**Action item**
Omitting the pictures, output all of the records precisely as written.
- Opening Delimiter -
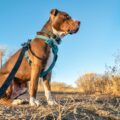 quel harnais choisir pour courir avec son chien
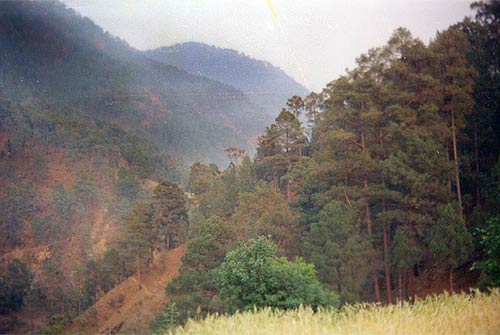 Pine Tree Forest, Uttaranchal Village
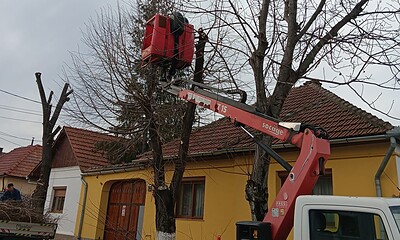Tăietor de copaci în Sebeș folosind o platformă aeriană pentru toaletare arbori.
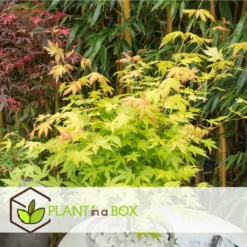 Acer 'orange Dream' - Set De 2 - Erable Japonais - Pot 19cm - Hauteur 60-70cm -Promos Jardesia Magasin 64594fee93e6f8.30303969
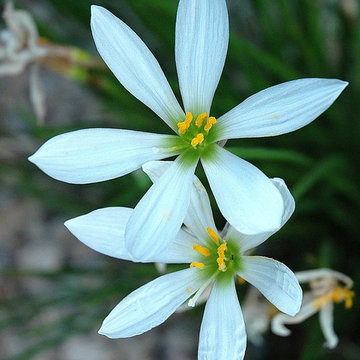 Southwestern Plants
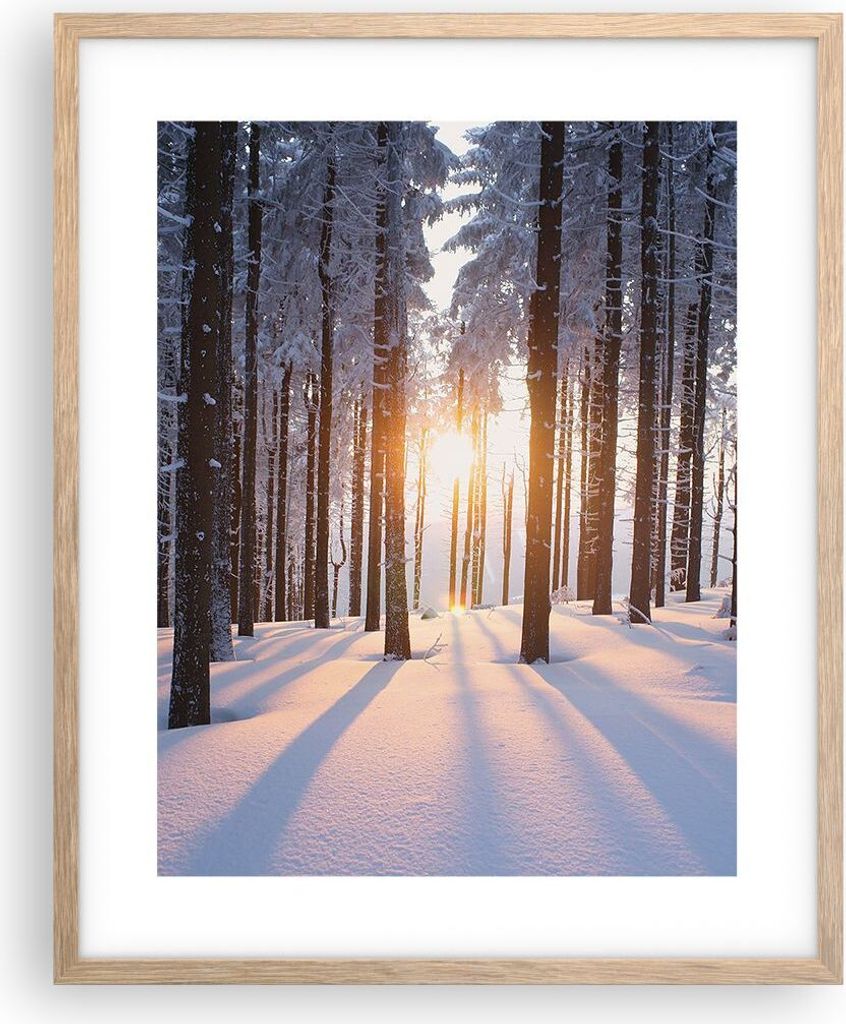 Gerahmtes Poster - Rahmen in heller Eiche - Wald Winter Produktbild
- Closing Delimiter -
**Solution for this exercise**
 quel harnais choisir pour courir avec son chien
 Pine Tree Forest, Uttaranchal Village
Tăietor de copaci în Sebeș folosind o platformă aeriană pentru toaletare arbori.
 Acer 'orange Dream' - Set De 2 - Erable Japonais - Pot 19cm - Hauteur 60-70cm -Promos Jardesia Magasin 64594fee93e6f8.30303969
 Southwestern Plants
 Gerahmtes Poster - Rahmen in heller Eiche - Wald Winter Produktbild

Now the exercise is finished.